Selon un reportage diffusé samedi par la Douzième chaîne, le programme est considéré comme une réussite en raison de l’identification rapide des personnes ayant été contact avec un porteur du virus, même s’il y a encore un espoir de trouver un système alternatif.
Le ministre de l’Énergie, Yuval Steinitz, est à la tête d’une commission dont les travaux se consacrent à cette question et qui s’intéresse, entre autres, aux programmes mis en place par les autres pays dans la lutte contre la propagation de la maladie.
Le Shin Bet a souligné que son programme n’était utilisé que dans le cadre du combat contre la pandémie. Le mandat de l’agence de sécurité devrait expirer à la fin du mois, même si le reportage a expliqué qu’il pourrait avoir l’autorisation de maintenir le suivi des citoyens « jusqu’à la fin de l’urgence » – même s’il est impossible de dire pour le moment sur quels critères cette dernière pourrait être définie.
Sous les dispositions des réglementations d’urgence du gouvernement, le service de sécurité ne sera pas autorisé à continuer à utiliser les données à la fin du programme, même si le ministère de la Santé pourra, pour sa part, exploiter les informations pendant 60 jours supplémentaires à des fins de recherches et sans doute pour reconstituer le parcours suivi par le virus à travers la population.
Cette surveillance vise à informer et à placer en quarantaine toute personne s’étant trouvée dans un périmètre de deux mètres pendant dix minutes ou plus d’un malade du coronavirus dans les 14 jours qui ont précédé.
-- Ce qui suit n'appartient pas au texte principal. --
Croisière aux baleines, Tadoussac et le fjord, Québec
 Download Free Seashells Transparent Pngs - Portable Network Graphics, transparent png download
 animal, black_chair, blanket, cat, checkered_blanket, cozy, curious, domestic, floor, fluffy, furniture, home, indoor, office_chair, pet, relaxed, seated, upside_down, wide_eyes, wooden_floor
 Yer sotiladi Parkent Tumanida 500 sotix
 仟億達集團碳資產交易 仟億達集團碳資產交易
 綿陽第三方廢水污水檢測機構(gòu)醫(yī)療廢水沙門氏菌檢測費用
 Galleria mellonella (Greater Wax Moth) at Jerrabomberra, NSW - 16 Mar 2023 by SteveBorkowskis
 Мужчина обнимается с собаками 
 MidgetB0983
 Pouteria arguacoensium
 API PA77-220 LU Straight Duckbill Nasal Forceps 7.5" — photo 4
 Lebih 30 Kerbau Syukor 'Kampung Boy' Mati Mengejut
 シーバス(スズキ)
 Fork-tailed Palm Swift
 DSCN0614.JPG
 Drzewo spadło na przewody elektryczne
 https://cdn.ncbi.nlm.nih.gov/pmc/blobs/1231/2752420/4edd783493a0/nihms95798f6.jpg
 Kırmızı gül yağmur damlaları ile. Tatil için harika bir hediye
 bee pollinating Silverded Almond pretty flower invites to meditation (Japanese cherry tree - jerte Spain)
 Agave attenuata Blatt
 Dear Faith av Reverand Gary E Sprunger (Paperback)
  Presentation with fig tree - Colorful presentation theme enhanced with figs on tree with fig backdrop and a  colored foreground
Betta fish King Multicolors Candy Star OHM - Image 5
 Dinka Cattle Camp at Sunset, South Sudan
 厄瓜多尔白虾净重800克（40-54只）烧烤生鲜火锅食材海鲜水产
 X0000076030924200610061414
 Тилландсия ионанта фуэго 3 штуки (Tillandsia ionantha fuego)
La commission des Affaires étrangères et de la Défense de la Knesset a finalement décidé la semaine dernière de ne pas établir de législation distincte permettant à la police d’utiliser la technologie de suivi des appels téléphoniques pour faire appliquer les ordres de maintien à domicile des personnes mises en quarantaine.
Gabi Ashkenazi, député de Kakhol lavan à la tête de la commission, a indiqué dans une déclaration après la réunion que les membres avaient émis de sérieuses réserves sur la formulation du projet de loi qui aurait permis à la pratique de continuer et que les représentants gouvernementaux présents avaient accepté de « réexaminer la formulation de la législation proposée ».